La politica di ambiguità nucleare è stata concepita come uno “strumento” funzionale alla sicurezza del Paese: la possibilità del ricorso alle armi nucleari – mai ufficializzata – ha operato come deterrente nell’ambito della politica mediorientale.

Tuttavia l’opacità nucleare dura ormai da parecchi decenni e alcuni analisti affermano che sia venuto il momento per Israele di “venire allo scoperto”: in particolare di fronte a minacce nuove come il terrorismo nucleare, il coming out israeliano potrebbe avere come risultato l’irrobustimento dell’effetto deterrenza di cui sopra. Uno dei maggiori sostenitori di questa tesi è lo storico Avner Cohen che ha definito la politica di ambiguità portata avanti dagli israeliani un “anacronismo politico”, soprattutto alla luce delle persistenti richieste di chiarimento che la comunità internazionale avanza in relazione al programma nucleare iraniano.

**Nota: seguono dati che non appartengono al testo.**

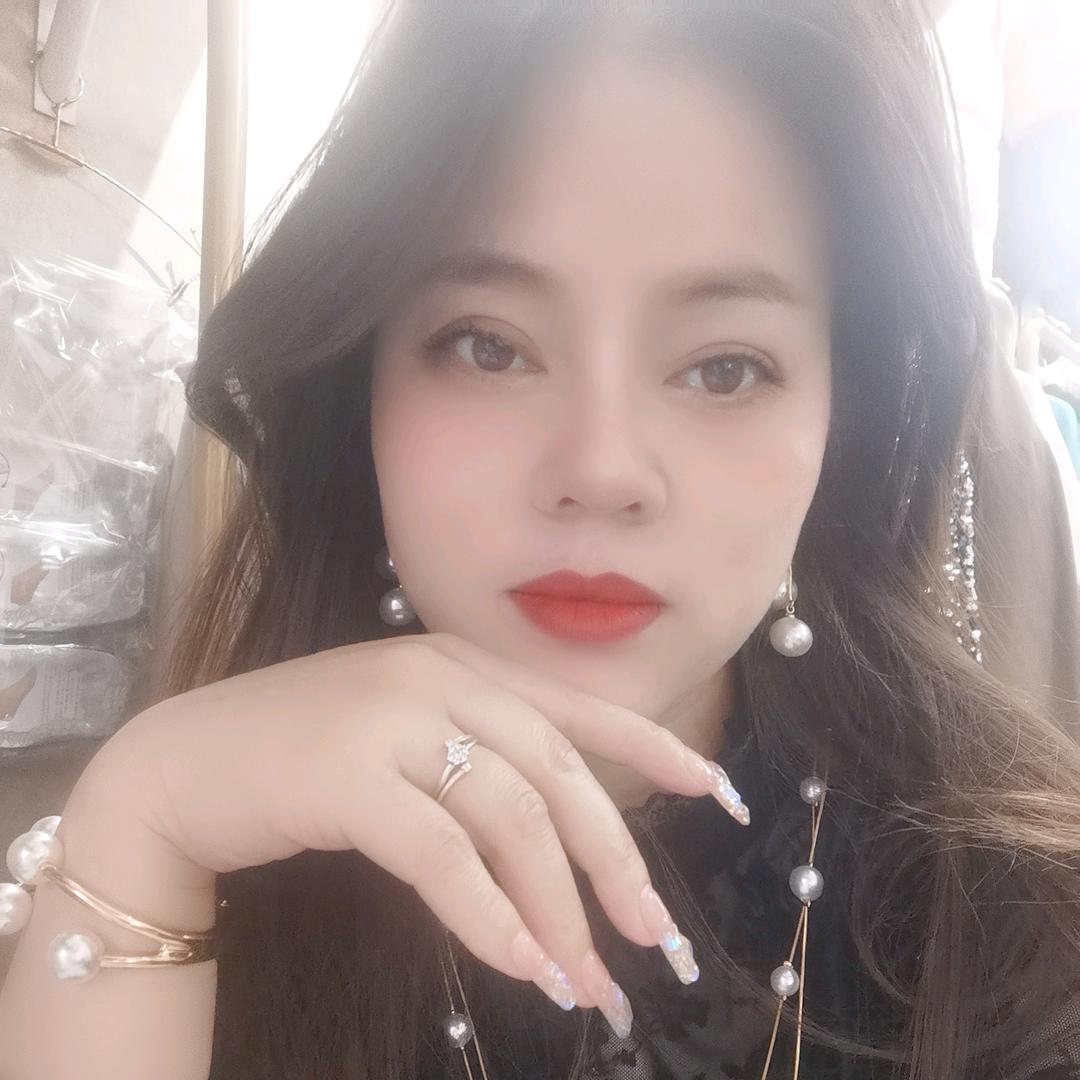 🌹☘️福妞☘️🌺🌸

Accanto alla politica di ambiguità si è consolidato un approccio strategico complementare conosciuto col nome di “Dottrina Begin” che prevede il fermo impegno israeliano a mantenere il proprio “monopolio nucleare” in Medio Oriente. La sua applicazione più lampante fu il bombardamento della centrale irachena di Osiraq nel 1981: oggi l’opposizione di Tel Aviv allo sviluppo di un programma nucleare iraniano rientra in questa logica.

Secondo il giornalista Amnon Kapeliouk, l’opinione pubblica israeliana sembra sostenere il programma nucleare e la stessa politica di ambiguità messa in atto dal Governo di Tel Aviv. Soltanto una esigua minoranza della popolazione è favorevole alla denuclearizzazione dello Stato. Sembra inoltre che il nucleare non sia assolutamente al centro di alcun dibattito pubblico e resti escluso dalle campagne elettorali e dai programmi dei maggiori partiti politici israeliani. Quasi ad indicare che la sua legittimità  sia scontata e indissolubilmente legata all’idea di sicurezza nazionale.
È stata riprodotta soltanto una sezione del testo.